Wednesday was the first day applicants could apply for deferred action for childhood arrivals.
The program, announced June 15, will allow some undocumented aliens to remain in the country and obtain employment authorization.
“This opens up a whole new era of possibilities for these people,” immigration attorney Elliott Ozment said. “It is a worthy program because these young people had nothing to do with the decision to come into this country.”
Applicants must meet a set of qualifications set forth by the Department of Homeland Security to qualify for the deferment.
In order to qualify applicants have to be under the age of 31 as of June 15, 2012.
They have to have come to the United States before their sixteenth birthday and have continuously lived in the U.S. for the past five years.
Applicants must also be currently enrolled in school, have graduated or obtained a GED.
They can also be honorably discharged from the Coast Guard or Armed Forces of the United States.
They can not be a convicted felon, can not have a single significant misdemeanor, can not have three or more other misdemeanor and cannot otherwise pose a threat to national security or the public's safety.
Many of the requirements mirror requirements proposed as part of the Development, Relief and Education for Alien Minors (DREAM) Act. That legislation has not gained Congressional approval.
But, some attorneys are warning undocumented immigrants to be careful when applying.
A provision of the order allows immigration officials to share information about a deferral applicant's immediate family with immigration enforcement officials.
“That is the reason we have urged these people to retain attorneys,” Ozment said. “It will not serve them well at all to represent their self.”
In other cases, Ozment said retaining an attorney can help some find better ways to legally to remain in the country without applying for deferral.
“We have found approximately 30% of those people qualify for another benefit,” he said. “Some of them are married to a U.S. citizen and can be sponsored by a U.S. citizen; others have been the victim of a crime and qualify for a U visa.”
According to DHS, the U nonimmigrant status is set aside for victims of crimes who have suffered mental or physical abuse and who are willing to assist law enforcement and government officials in the investigation of the criminal activity.
“They need an attorney to screen not just their case, but their entire family,” Ozment said.
One of Ozment's clients, Miguel, is applying for deferral. The 23-year-old high school graduate did not know he was in the country illegally until after he graduated from high school.
“I started going to universities to apply and they asked me for a social security number,” he said. “I asked my mother. That is when I found out that I was not here legally.”
Miguel wants to become a registered nurse, but because of his illegal status he can not apply to school.
If his application for deferred action is approved he will be able to receive employment authorization so he can work legally. He will also be able to get a federal identification number he can use to apply to college.

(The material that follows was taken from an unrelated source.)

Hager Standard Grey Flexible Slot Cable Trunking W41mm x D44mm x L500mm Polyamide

“It means a lot of things,” he said. “It means I can have the job I always dreamed of and I will be able to fulfill my dreams.”

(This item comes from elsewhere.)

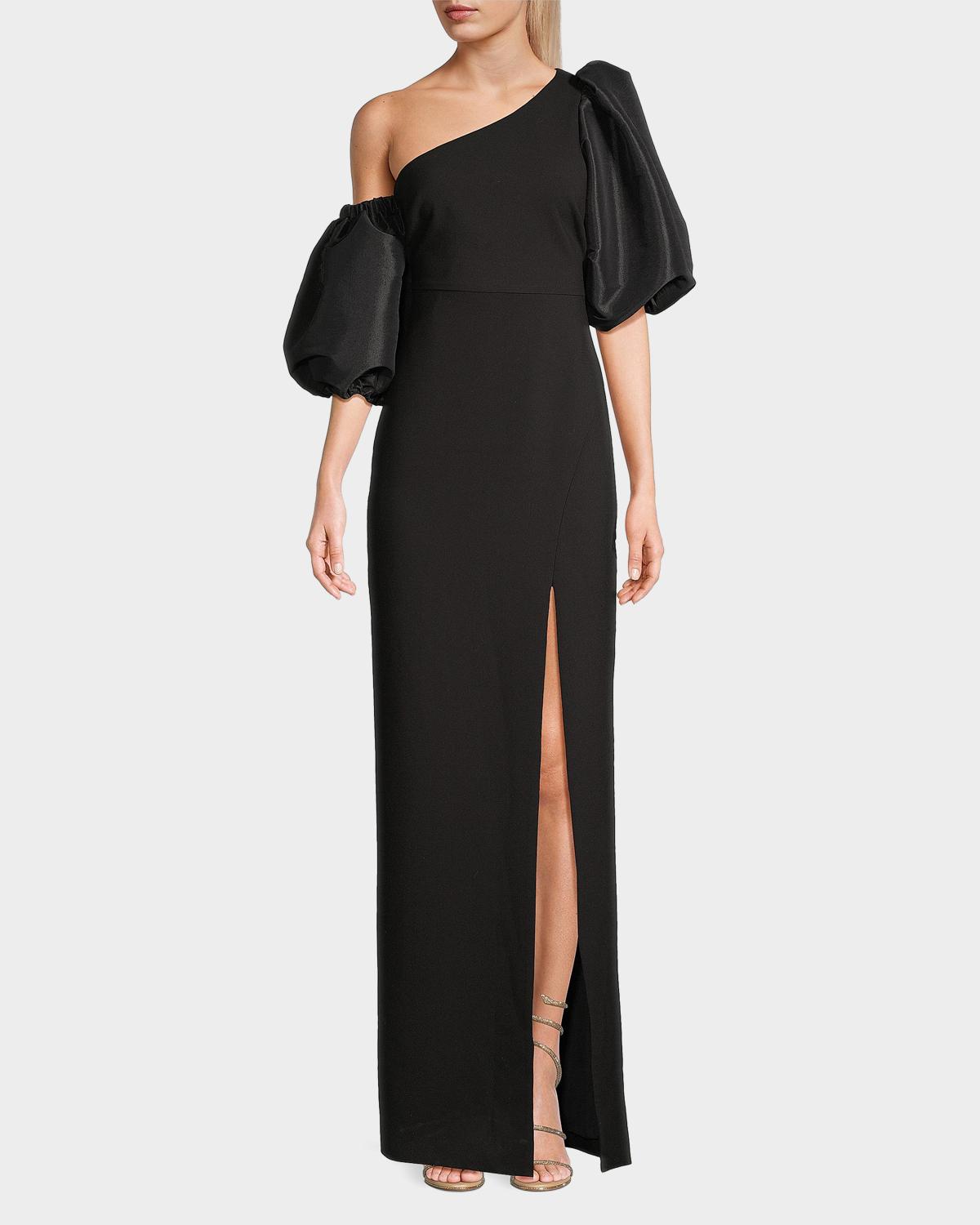 Natasha One-Shoulder Gown - thumbnail 2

Miguel continued, “When you graduate from high school you want to be something, now I am going to be able to do that.”
The Department of Homeland Security has hired extra staff to process applications at processing centers around the country.
The positions are being funded by fees collected from applicants seeking deferred action.
It could take several months before Miguel and other applicants find out if their applications were approved.
Approved applicants must reapply for deferred action every two years.